Un peuple pareil ne pouvait être un appui sérieux pour personne, et Cælius avait tort de compter sur lui. Si, par un reste d’habitude, il avait un jour paru sensible à ces grandes promesses qui l’avaient ému tant de fois, alors qu’il était libre, cette émotion ne fut que passagère, et il suffit de quelques cavaliers qui traversaient Rome par hasard pour le faire rentrer dans l’ordre. Le consul Servilius fut armé par le sénat de la fameuse formule qui suspendait tous les pouvoirs légaux et concentrait l’autorité dans une seule main.
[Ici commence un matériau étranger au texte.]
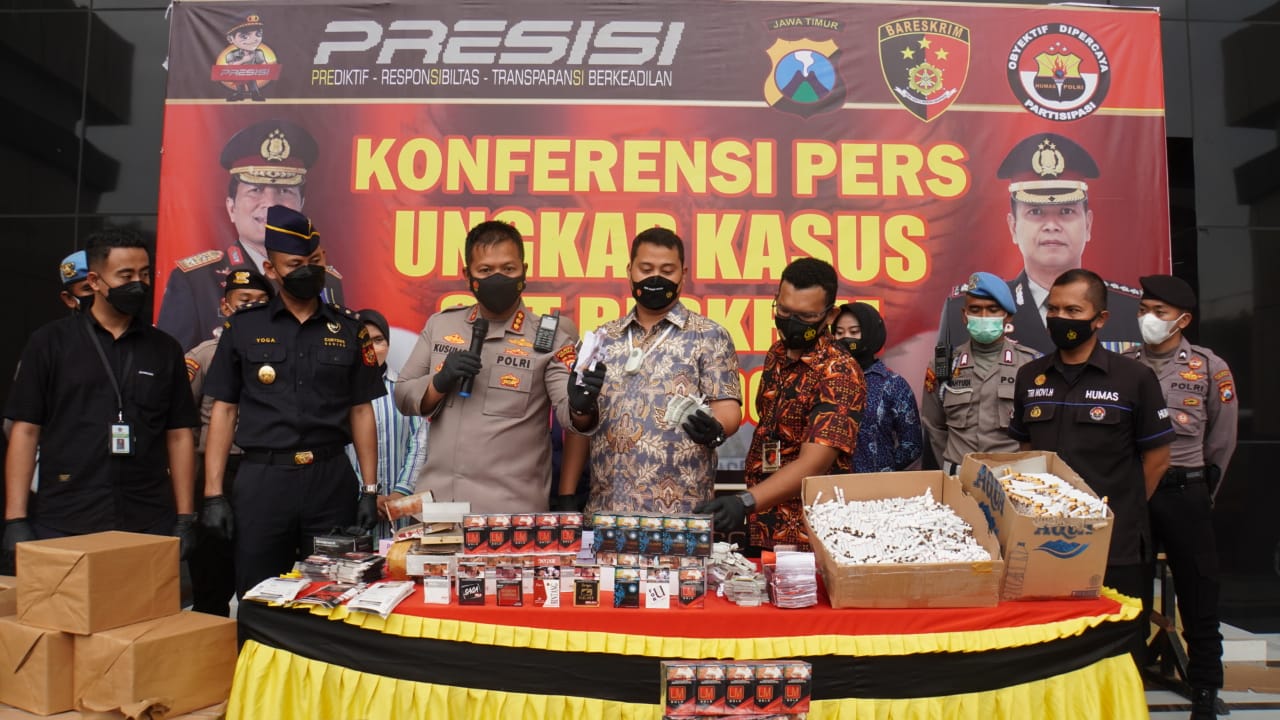 Konfrensi pers Polrestas Sidoarjo, Jatim terkait penggerebekan tempat pengepakan rokok ilegal.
Aidé de ces troupes de passage, il défendit à Cælius d’exercer les fonctions de sa charge, et, comme il résistait, il fit briser sa chaise curule[1] et l’arracha de la tribune, d’où il ne voulait pas descendre. Cette fois le peuple resta tranquille, et pas une voix ne répondit à celle qui essayait de réveiller dans ces âmes éteintes les anciennes passions. Cælius rentra chez lui la rage dans le cœur. Après un déshonneur aussi public, il ne pouvait plus rester dans

  1. Un détail curieux, conservé par Quintilien, nous apprend qu’au milieu de ces graves affaires, dans lesquelles il jouait sa vie, Cælius conservait la légèreté de son caractère et son humeur railleuse. Après que sa chaise curule eut été brisée, il en fit construire une autre tout en lanières de cuir et l’apporta au consul. Tous les spectateurs éclatèrent de rire. On racontait que Servilius avait, dans sa jeunesse, reçu les étrivières.